● Information provided:
┌──

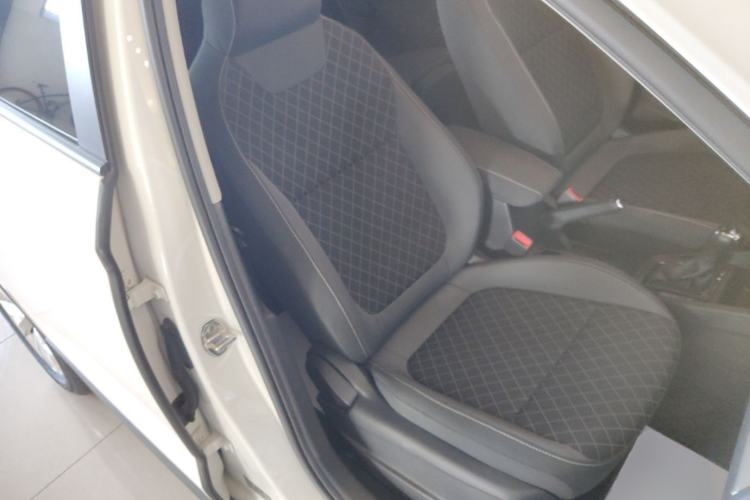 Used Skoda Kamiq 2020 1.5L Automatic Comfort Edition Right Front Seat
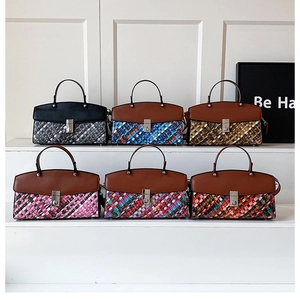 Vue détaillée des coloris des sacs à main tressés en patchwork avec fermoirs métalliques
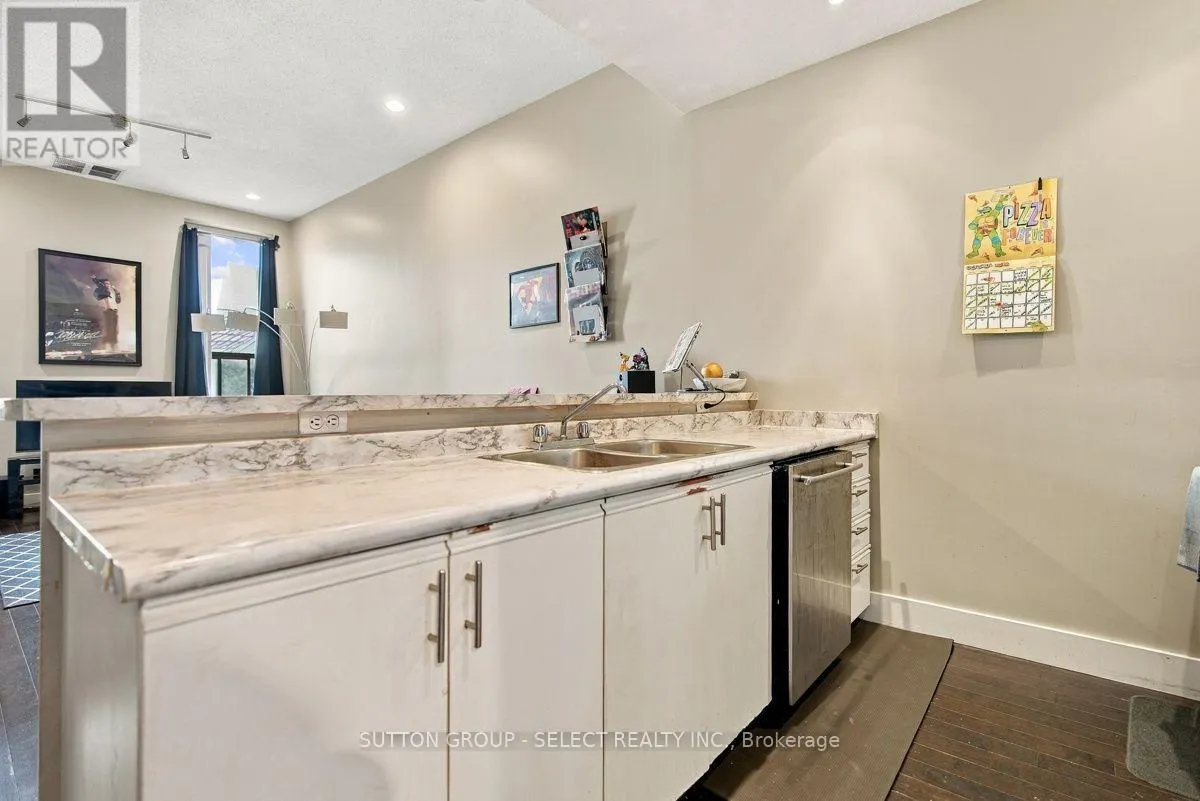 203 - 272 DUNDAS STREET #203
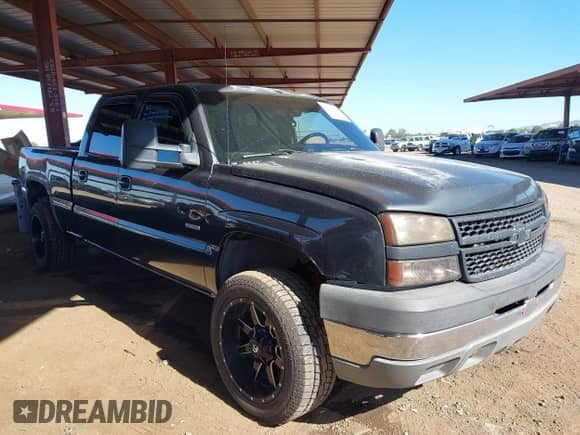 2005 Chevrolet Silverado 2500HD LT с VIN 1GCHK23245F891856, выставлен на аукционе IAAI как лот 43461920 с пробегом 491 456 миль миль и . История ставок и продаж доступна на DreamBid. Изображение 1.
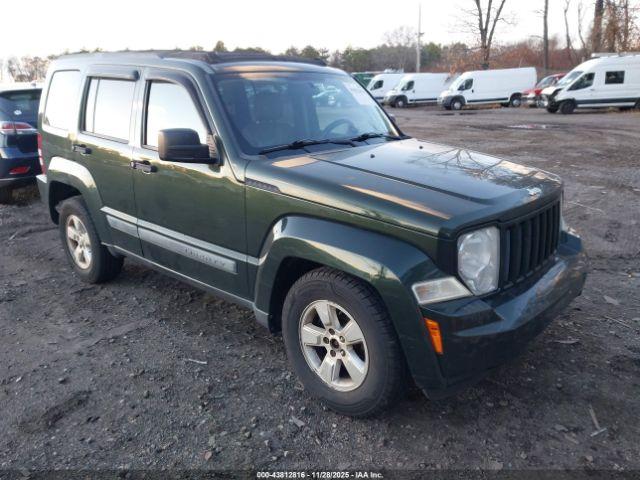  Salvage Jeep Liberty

└──
┌──

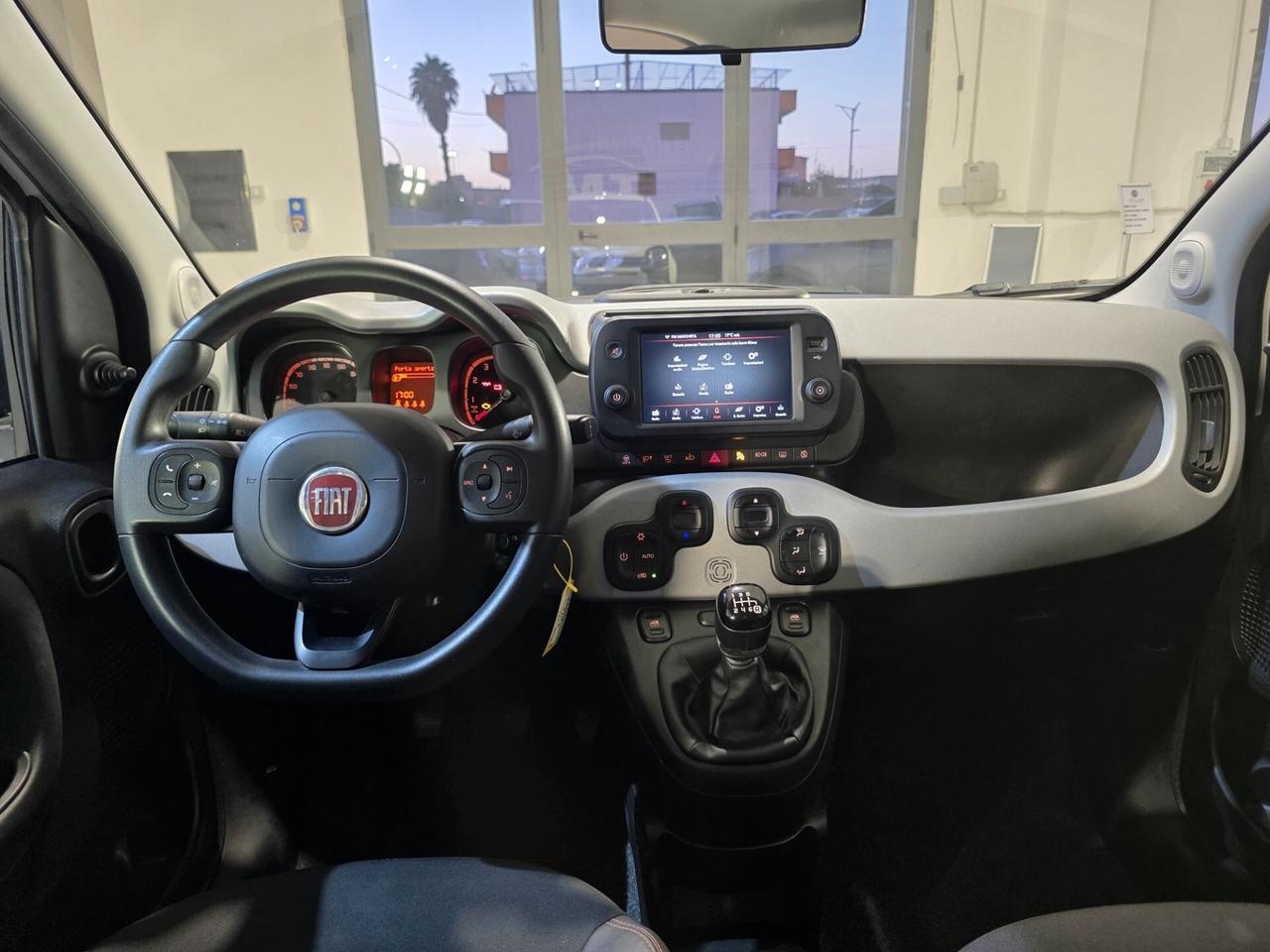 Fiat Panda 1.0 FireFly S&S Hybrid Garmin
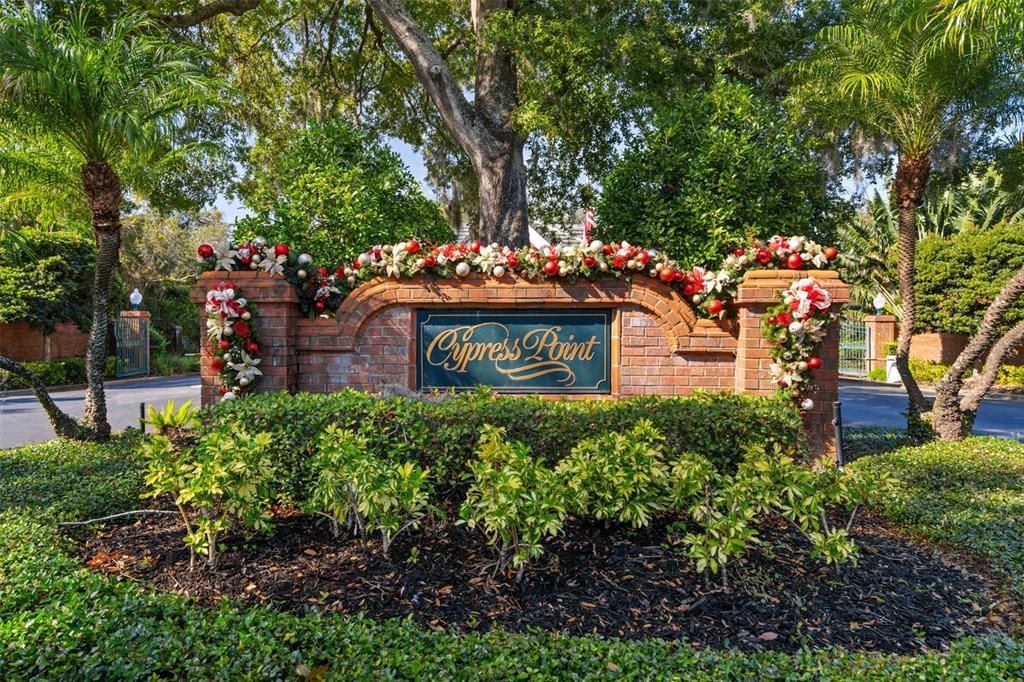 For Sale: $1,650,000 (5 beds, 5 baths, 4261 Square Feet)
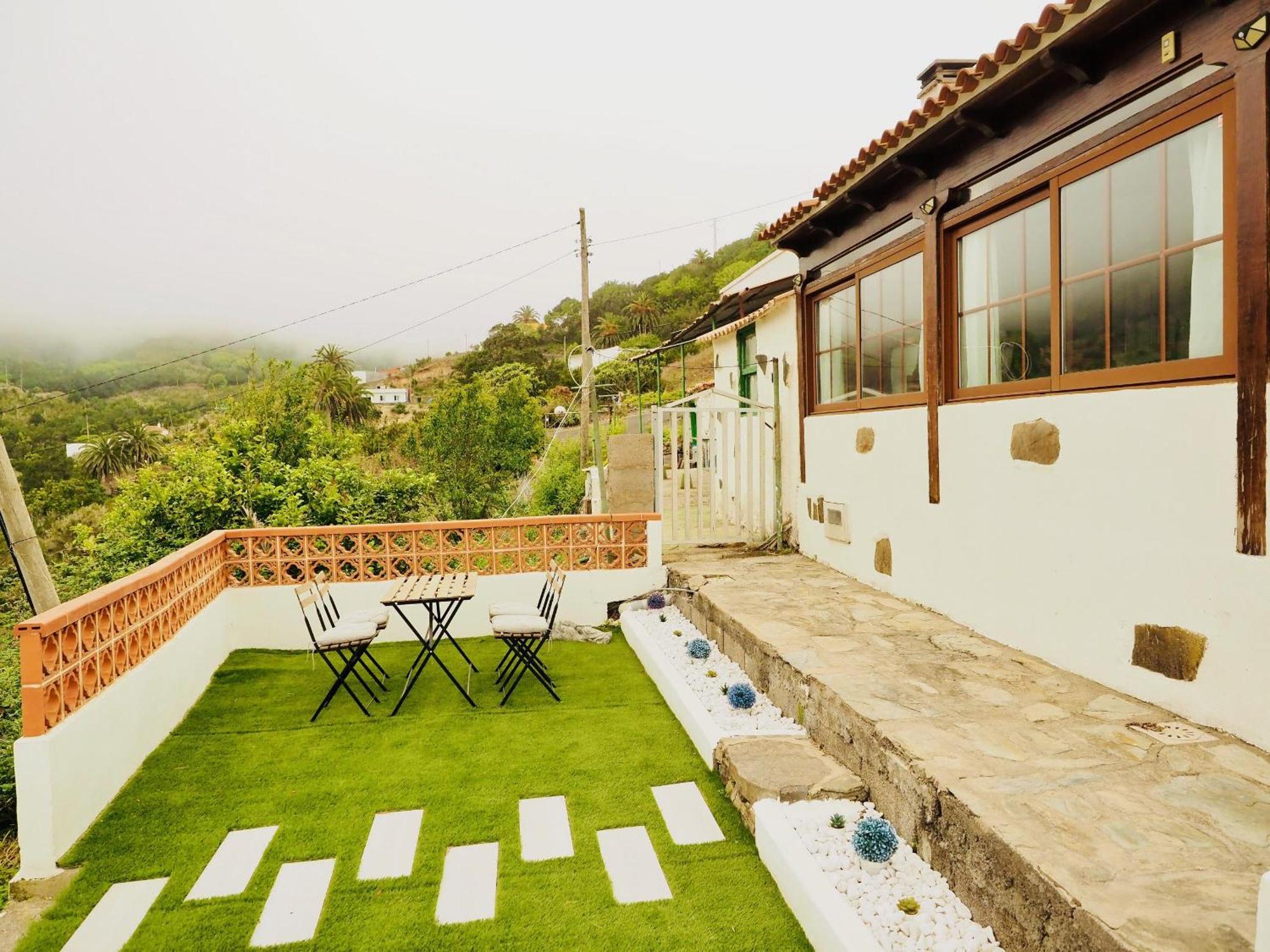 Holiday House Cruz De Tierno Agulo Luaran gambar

└──

● What to do: Only one stretch of the data is wanted: write out exactly the lines from the one holding "For Sale: $1,650,000" through the one holding "Holiday House Cruz", both included, without the pictures.

● Output below:
 For Sale: $1,650,000 (5 beds, 5 baths, 4261 Square Feet)
 Holiday House Cruz De Tierno Agulo Luaran gambar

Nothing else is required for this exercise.